Friday, April 13

Friday Round-up: GSOC, ICSWSM vids, and Edison

  1. The winners of Google's Summer of Code was announced today, all of results are here. The collaborative filtering software Taste was a winner, with two projects selected.

  2. The ICSWSM keynote videos are online at the ICSWSM blog.

  3. Apostolos Gerasoulis, co-founder of Teoma and Professors at Rutgers, leaked at SES NY (more coverage on the Social Search panel at SES NY from SEORoundTable) that Ask is working on a new ranking system. The new system, "Edison", combines Teoma's HITS link analysis (see Kleinberg's Authoritative Sources in a Hyperlinked Environment) with user behavior analysis, an evolution of DirectHit technology.

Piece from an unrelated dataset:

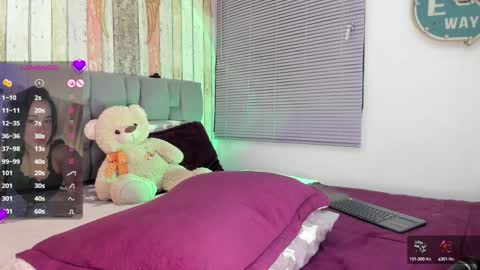 Snapshot of gabi_boom chatting on 12.12.24 Gabriela  online show from 12.12.24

    From Rahul Lahiri, Vice President of Product Management and Search Technology at

    Edison is still in development, so we can't say too much at this juncture. I can tell you that it's a next generation algorithm that, among many other things, synthesizes modernized versions of Teoma and DirectHit technologies, as AG said this morning. It's much more complicated than saying we're just counting clicks, in the case of DirectHit. The technologies we have, and the patents we hold, go way beyond that. We're also taking a deeper look at communities and calculating the authorities in those communities. We were really inspired by looking into the universe of user behavior, and what that could tell us, and the social fabric of the Web itself, and what that tells us. We're also rolling out an upgraded search infrastructure over the course of 2007 and building a new datacenter along the Columbia River in eastern Washington, which will help our speed, freshness and data quality. It's safe to say that Edison itself will roll out over the course of the year, as we improve it and tweak parameters.

    via SearchEngineLand. Remember what I said about implicit feedback being underrated...

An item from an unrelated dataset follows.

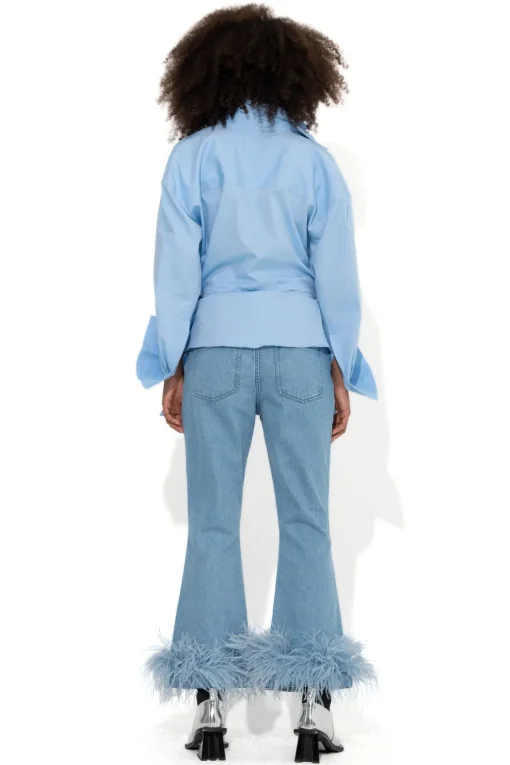 LIGHT BLUE FEATHER HEM CAPRI JEANS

Grand Re-Opening: un caffè, per favore

Now open later for your search engine information fix.

You may have noticed (or more likely not have noticed) that the name of the blog has been changed from "Jeff's Search Cafe" to "Jeff's Search Engine Caffè". Likewise, the address has been updated and has a new TLD name,

The reason for this is that I was contacted by a company who owns the trademark for "SearchCafe". In order to avoid any more conflict and hassle, I decided to take this as an opportunity to buy a new domain name and update the site. In the long run, having its own domain name will give me more freedom -- in case I want to switch off of Blogger.

In the next few weeks I hope create a new template to go with the new name and address; the current look and feel is pretty lame.

Thanks for reading, and if you get a chance I would appreciate it if you update any bookmarks (such as those on Delicious).

P.S. Just a piece of advice to anyone who decides to do anything online, before you start do a trademark search; at the very least, search the USPTO and Google -- even if you only decide to create something on a sub-domain of a free service and your content is completely non-commercial.

Wednesday, April 11

Hakia's Quest for Better Search

Hakia, a semantic and NLP based engine, started a discussion from some of the leading bloggers and search engine journalists on the future of search:

The Search For Better Search

Here are some of my thoughts on The Future.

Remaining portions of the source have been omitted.